In this paper, we present a fabricated ULP 1 KB SRAM array designed to minimize the sleep power of arrays in battery-less SoCs. The proposed array was fabricated in a commercial 130 nm process since the main target applications are IoT devices that are not performance-driven and that are usually fabricated in more mature technologies [1,2,11,12]. Newer technology nodes offer higher speeds that are not critical for IoT SoCs, and also suffer from higher leakage and higher cost. The reduction of area from scaling is less beneficial for IoT SoCs that have large analog and radio (RF) components, which do not scale significantly across processes. These factors make the 130 nm process one of the attractive technologies for battery-less IoT devices. The proposed array can be easily expanded to 4 KB with minimal additional circuitry. Table 1 summarizes the different features available within the array. The unique combination of features included in this array addresses all the challenges of sub-threshold SRAM. The array uses high-threshold (high-VT) devices and aggressive power gating to reduce the power consumption. A read burst mode is also implemented to reduce the read energy. An 8T bit-cell and a read-before-write implementation are used to address half-select failures. Read and write assist techniques are introduced to ensure correct read and write functionality in the sub-threshold regime. The array can operate reliably between 350 mV and 700 mV, and can retain data down to 320 mV. Leakage power is minimized at 320 mV to 12.29 nW/KB with data retention, and 1.09 nW/KB without data retention.
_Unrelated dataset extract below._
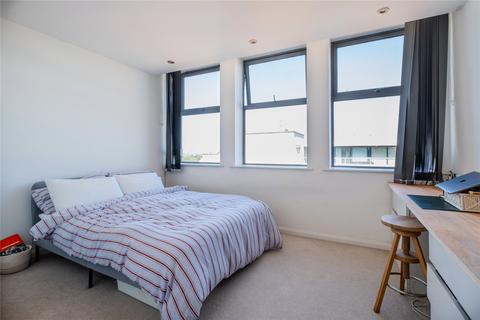 1 bedroom apartment for sale, Streatham High Road, London SW16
The resulting design makes use of multiple technology, architecture, and assist methods in a unique combination that optimizes SRAM for the IoT space. To the authors’ best knowledge, the proposed array has the lowest power of any 8T SRAM array in the literature.
The rest of the paper is organized as follows. Section 2 introduces the array structure and motivates the different design decisions. Section 3 shows the chip measurement results from fabricating this array in a commercial 130 nm bulk CMOS process. Finally, Section 4 concludes the paper.
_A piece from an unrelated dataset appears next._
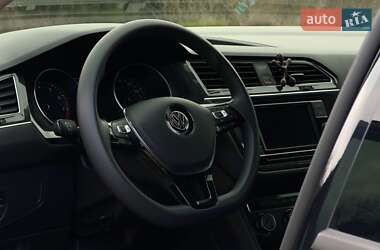 Внедорожник / Кроссовер Volkswagen Tiguan 2019 в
2. Proposed Array Structure

Since the proposed array is designed for battery-less SoCs, it will be used as a building block for three different types of memories: a “hold mostly” memory to save critical information for the longest possible time when energy is scarce, a “read-mostly” memory to hold the program instructions that run on the SoC, and a “read-write” memory to save the data gathered. For the SoCs to support all three types of memories and still operate on harvested energy, the power and energy consumption of these memories must be kept at a minimum. Thus, many of the design decisions and added features aim at reducing the power and energy consumption of the array. Figure 2 shows the overall structure of the array. The 1 KB array consists of 64 × 128 8T bit-cells with row (RDx) and column (CDx) drivers, a row decoder, a read/write control unit with a burst control unit (BCU), and a data management unit (DMU). In the next subsections, we will describe the main features of each unit.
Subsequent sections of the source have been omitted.